1682 – Faleceu João Martins, do Adão, “ao qual deram hua estocada na Qta de S. Dos (=Domingos) na feyra dascensão da qual falleceo repentinamte sem Sacramto”. Na margem, o Vig. acrescentou “Não fes nada porq tudo eram dividas”. Isto significa, provavelmente, que tinha tantas dívidas, em vida, que não deixou nada com que pagar as cerimónias fúnebres.

1690 – Neste ano, “foi achado morto no ____(?) da fonte dademouro junto deste lugar (V. Fern.) Antº Glz’ (=Gonçalves) da Qta da Ramalhosa fregª do Richozo”. Foi sepultado dentro da igreja.

1694 – Domingos, filho de Afonso Martins do Adão, “ao qual mordeo hua osga e vindo se curar a este lugar (V. .Fern.) falleceo nelle”. Foi sepultado na igreja de Vila Fernando.

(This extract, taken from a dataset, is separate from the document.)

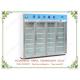 OP-008 Big Capacity Freezer Four Glass Doors Display Cooler For Pharmacy Storage Fridge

1697 – Neste ano, “se achou afogada a Cnª Frz’____(?) de Bertholameu Miguel da Qta do mº (=Meio) no _____ (?) das aveleiras, a qual andava varia (=perturbada)”.

O ano de 1696 parece ter sido um ano particularmente difícil, apresentando o valor mais alto de óbitos de todo o século – 45. Desses 45 defuntos, 32 eram mulheres: 8 viúvas, 13 casadas e 11 solteiras ainda jovens. Havia laços familiares entre várias pessoas. Por exemplo, no Mte Carreto, morreram uma mãe (30 jun), a filha (22 jul) e o pai (31 jul); no Adão, morreram uma mãe já viúva (18 ag) e a filha (28 ag); em Vila Fernando, morreram um pai (24 jul) e a filha (31 jul).

                                                                                       Continua...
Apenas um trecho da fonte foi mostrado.